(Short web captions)
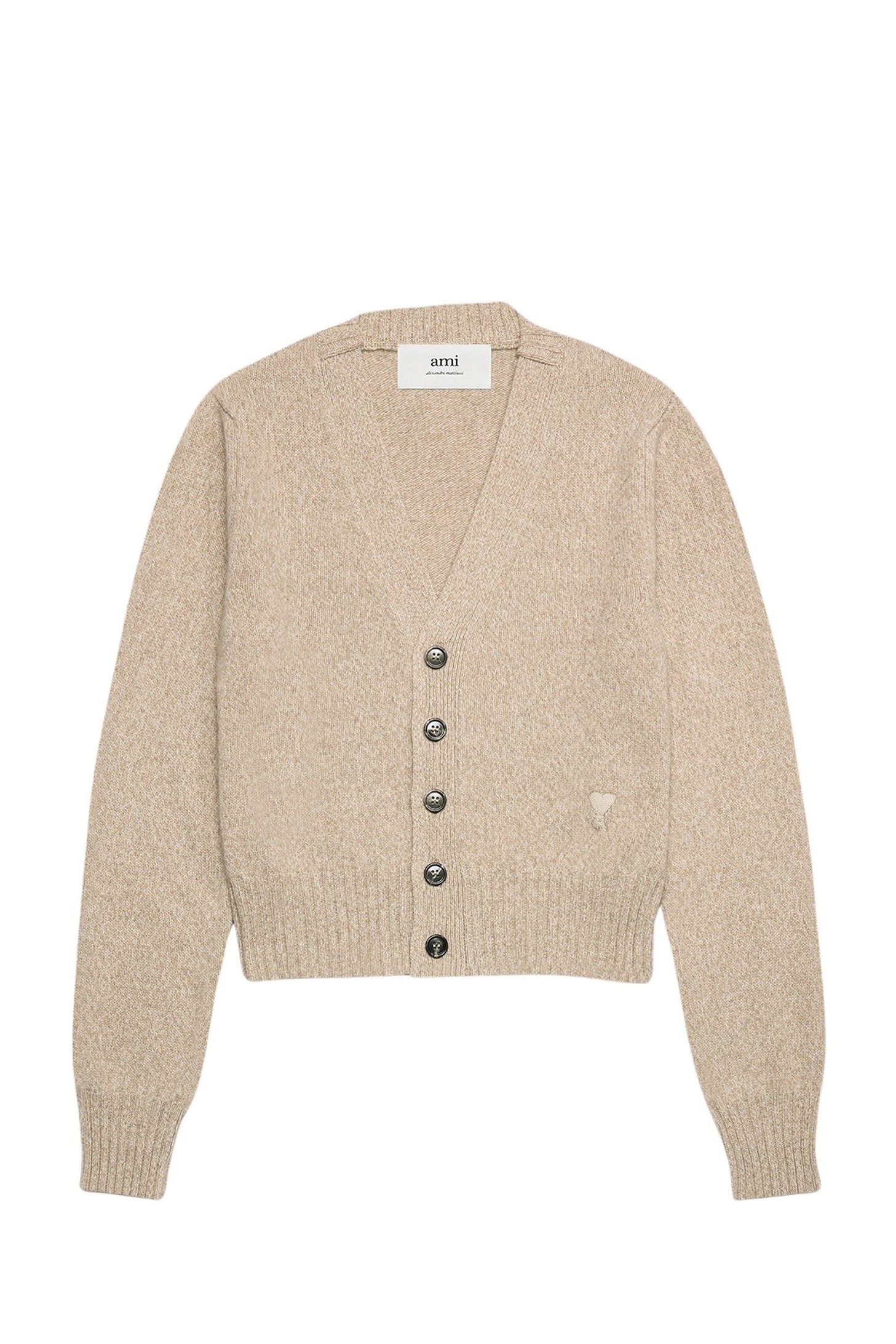 Ami de Cœur tone-on-tone cashmere and wool cardigan - Champagne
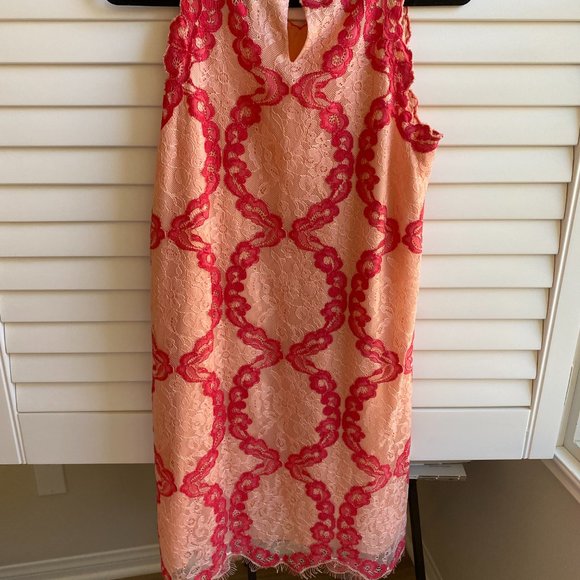 M.S.S.P. Max Studio Peach/Red Lace Trapeze Dress M - Picture 8 of 8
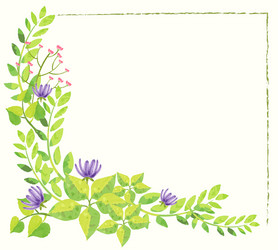 Background template with flowers and leaves vector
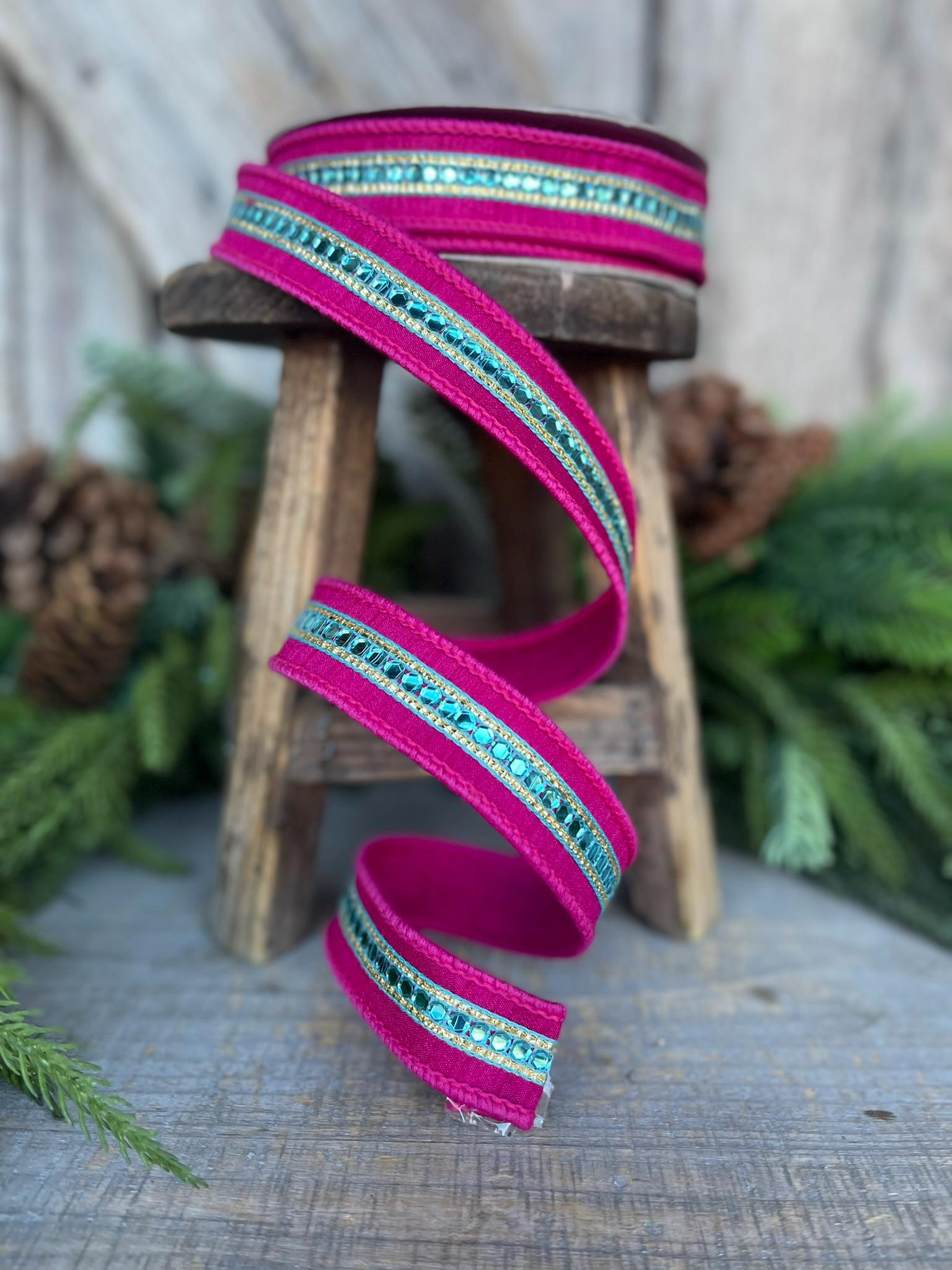 1" Hot Pink Blue Twinkle Trim Ribbon, Farrisilk ribbon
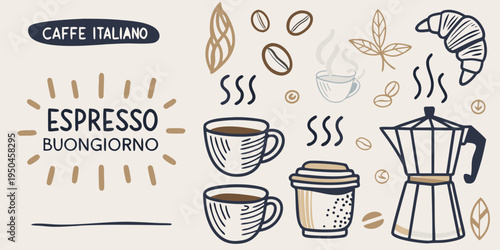 Italian coffee elements espresso cappuccino and croissant illustration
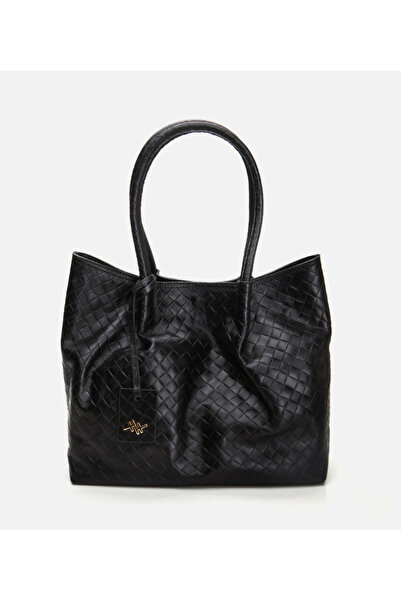 Hotiç Hakiki Deri Siyah Kadın Çanta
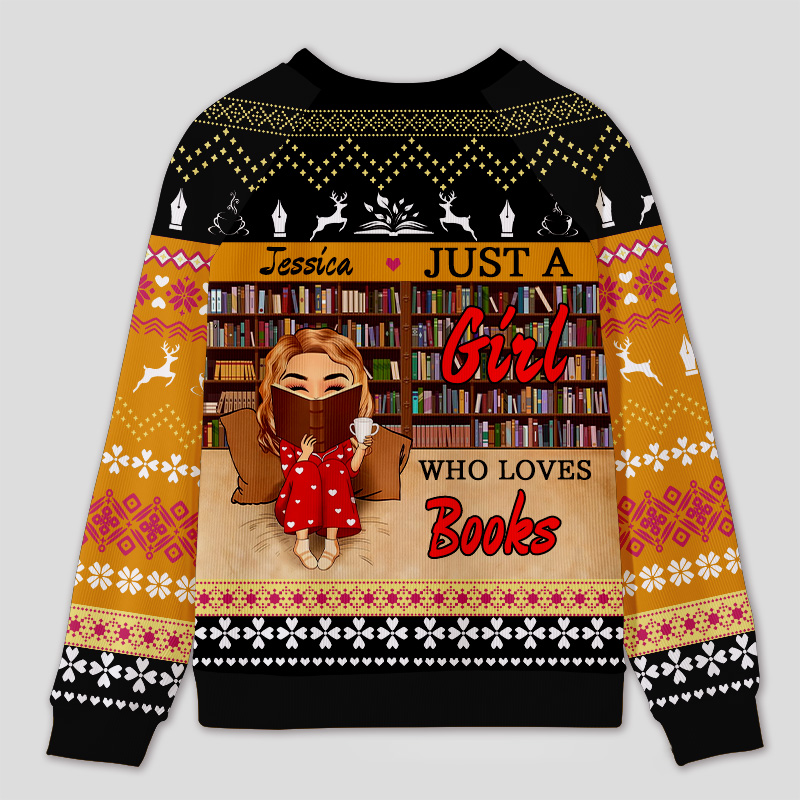 Personalized Reading Enjoyment Bookworm Ugly Sweater Festive Gift for Book Lovers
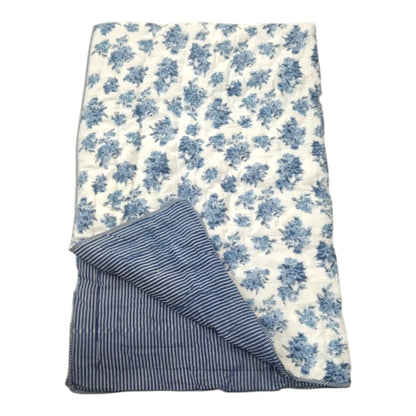White and blue floral Cotton Cambric Single Quilt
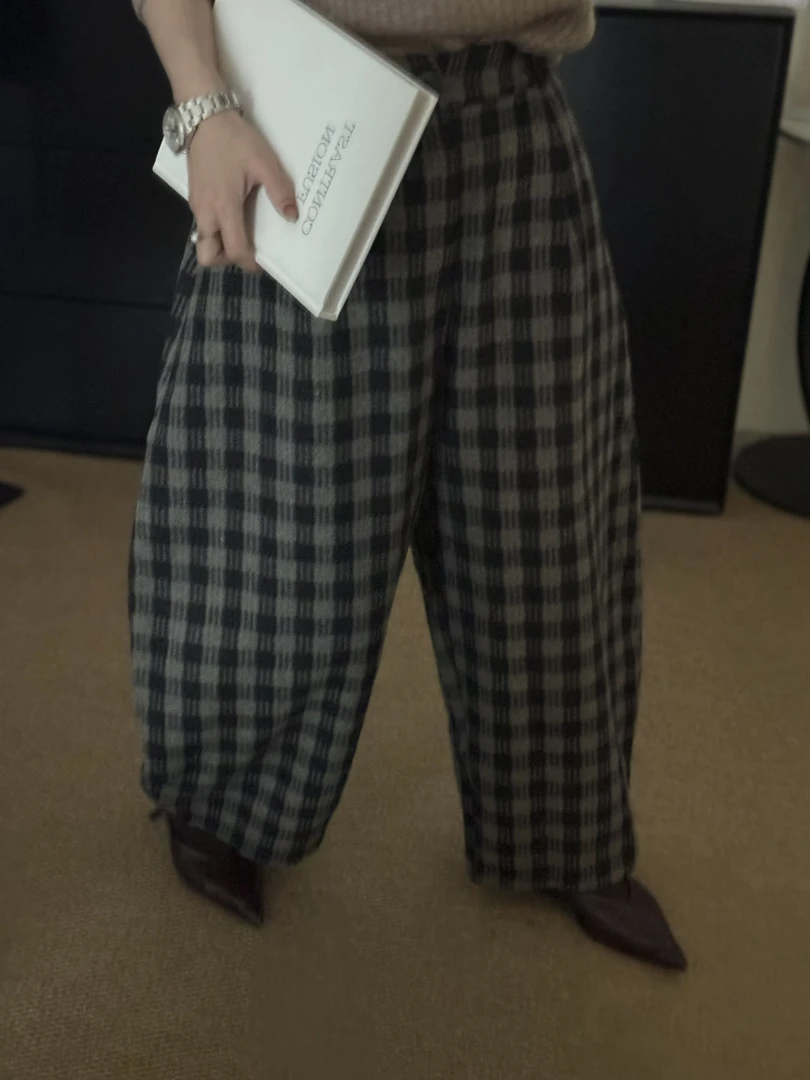 【珍珍何A】1098定制款韩系极简后松紧腰格子九分裤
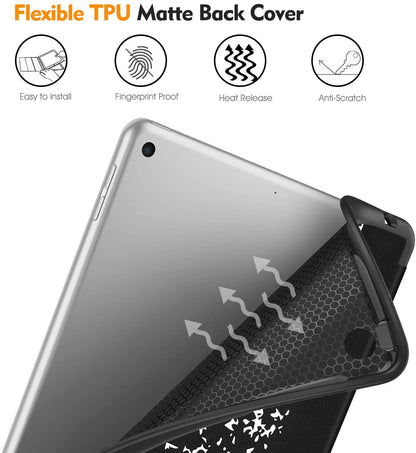 Slimshell Case for Ipad 9Th / 8Th / 7Th Generation (2021/2020/2019 Model) 10.2 Inch - [Built-In Pencil Holder] Soft TPU Protective Stand Back Cover, Auto Wake/Sleep, Composition Book Black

* _Exercise_:
Every entry, word for word: repeat it, but skip the images.

* _Your solution_:
 Ami de Cœur tone-on-tone cashmere and wool cardigan - Champagne
 M.S.S.P. Max Studio Peach/Red Lace Trapeze Dress M - Picture 8 of 8
 Background template with flowers and leaves vector
 1" Hot Pink Blue Twinkle Trim Ribbon, Farrisilk ribbon
 Italian coffee elements espresso cappuccino and croissant illustration
 Hotiç Hakiki Deri Siyah Kadın Çanta
 Personalized Reading Enjoyment Bookworm Ugly Sweater Festive Gift for Book Lovers
White and blue floral Cotton Cambric Single Quilt
 【珍珍何A】1098定制款韩系极简后松紧腰格子九分裤
 Slimshell Case for Ipad 9Th / 8Th / 7Th Generation (2021/2020/2019 Model) 10.2 Inch - [Built-In Pencil Holder] Soft TPU Protective Stand Back Cover, Auto Wake/Sleep, Composition Book Black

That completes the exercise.